How to use this calculator
- Enter the link distance and choose a unit.
- Add slack if the route is longer than straight-line.
- Select a speed method: preset medium, VF, n, εr, or custom speed.
- Optionally add fixed delay for hardware along the path.
- Press Calculate to view results and download files.
Example data table
| Distance | Medium | Speed (m/s) | One-way delay | Round-trip delay |
|---|---|---|---|---|
| 1 km | Optical fiber | 2.042183e+8 | 4.897 µs | 9.793 µs |
| 100 m | Coax (VF 0.66) | 1.978630e+8 | 505.4 ns | 1.011 µs |
| 50 m | Twisted pair (VF 0.70) | 2.098547e+8 | 238.26 ns | 476.52 ns |
| 10 km | Air | 2.997025e+8 | 33.366 µs | 66.733 µs |
| 5 mi | FR-4 PCB trace | 1.462837e+8 | 55.008 µs | 110.015 µs |
Values are illustrative. Use manufacturer data for precise work.
FAQs
1) What is propagation delay?
Propagation delay is the travel time of a signal through a medium. It depends on path length and propagation speed, not on packet size or bandwidth.

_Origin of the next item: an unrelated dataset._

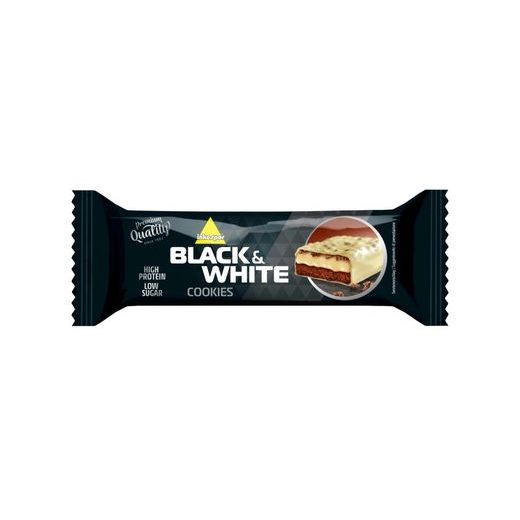 PROTEINOVÁ TYČINKA S POLEVOU Z TMAVÉ ČOKOLÁDY PREMIUM BLACK&AMP;WHITE 45G& (INKOSPOR - NEMECKO)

2) How is it different from transmission delay?
Transmission delay is the time to push bits onto the link, roughly size ÷ bitrate. Propagation delay is the time the signal needs to move across the medium.

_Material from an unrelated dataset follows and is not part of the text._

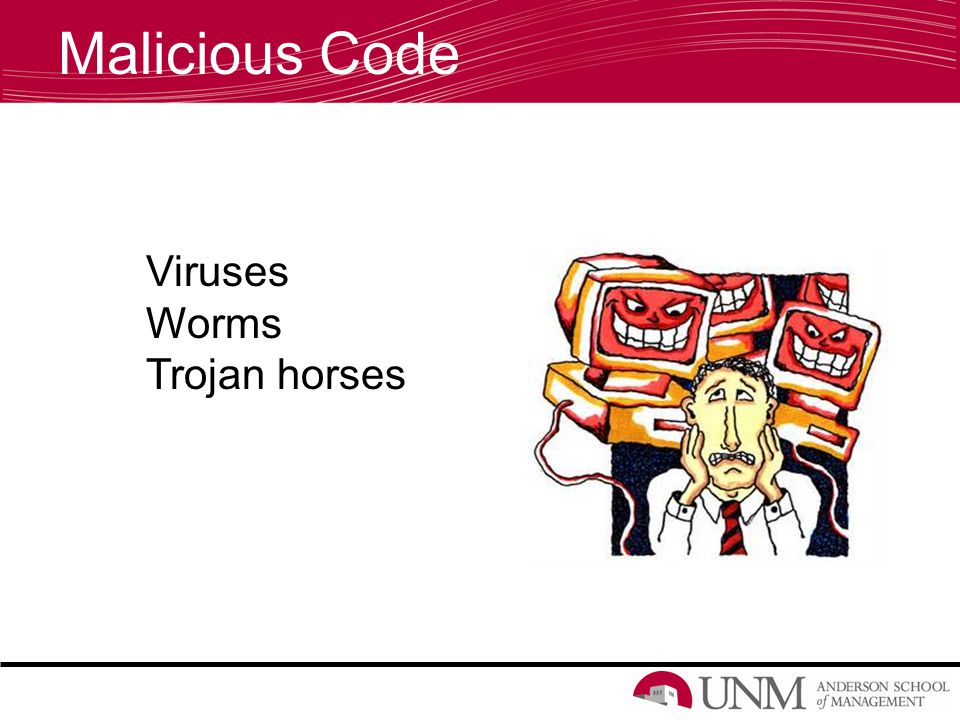 Malicious Code Viruses Worms Trojan horses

3) Which speed method should I use?
Use a preset for quick estimates. Use velocity factor for copper cables. Use refractive index for fiber or optical paths. Use εr for board traces and dielectrics.
4) What does “slack” represent?
Slack models extra length from routing, bends, trays, and service loops. If a cable run is 10% longer than the straight line, set slack to 10%.
5) Why include an extra fixed delay?
Real links may add latency from transceivers, connectors, repeaters, or conversion stages. Add this as a fixed one-way delay when you know the hardware contribution.
6) Can the result exceed the speed of light?
No. If the calculator warns that speed exceeds c, it usually means a unit mismatch or an unrealistic custom speed entry.
7) How accurate are the presets?
Presets are typical values for common materials. Actual speeds depend on dielectric, wavelength, frequency, temperature, and construction. For engineering decisions, prefer datasheets.
8) What should I report: one-way or round-trip?
One-way is best for timing budgets and control loops. Round-trip is common for network tests like ping. Report both when troubleshooting latency.